Pregnant women and mothers have all experienced that maintaining pregnancy is not as simple as they say, and the process of pregnancy is not as smooth as everyone thinks. During pregnancy, a lot of examinations need to be done to check the health of the fetus and the mother. The early stages of pregnancy are the most dangerous days during the tenth month of pregnancy, and pregnant mothers need to pay extra attention. So what can be detected by embryonic villus chromosome examination?

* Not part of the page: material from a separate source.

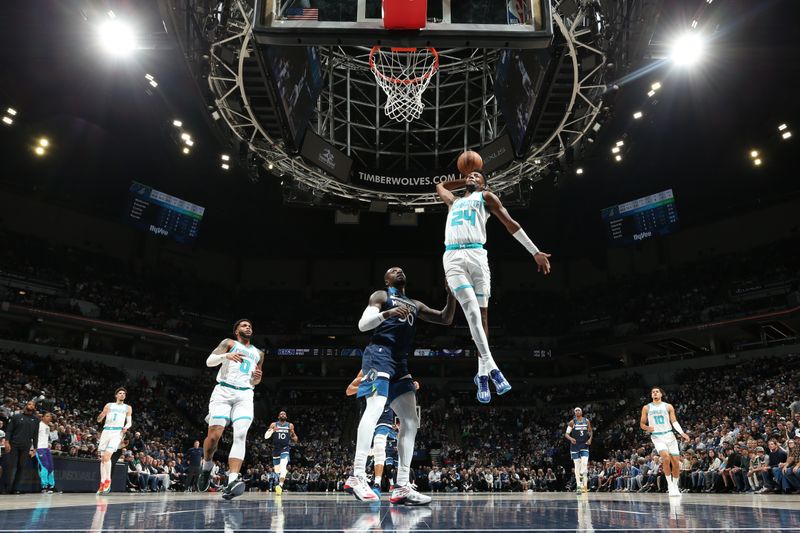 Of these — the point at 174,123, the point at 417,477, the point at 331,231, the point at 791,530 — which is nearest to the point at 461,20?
the point at 791,530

Embryo chorionic villi chromosome examination, also known as chorionic villi penetration, is a chromosomal examination performed by removing the villi through the vagina or abdomen after 50 days of pregnancy. It mainly checks whether the fetus has chromosomal diseases or hidden genetic diseases, such as Down syndrome, Mediterranean anemia, etc. However, this examination can cause great harm to both the mother and the fetus, and can easily lead to miscarriage, physical disabilities, congenital heart disease, congenital gastrointestinal disease, congenital kidney disease, and so on, with a very high risk of onset.
Even pregnant women who have had an abortion need to undergo embryo chorionic chromosome testing to prevent further miscarriages. In addition, for individuals with production dysfunction, abnormal secondary sexual characteristics, abnormal external reproductive organs, congenital genetic diseases, and intellectual disabilities, embryo chorionic chromosome examination is necessary to determine whether the fetus in the abdomen can grow healthily.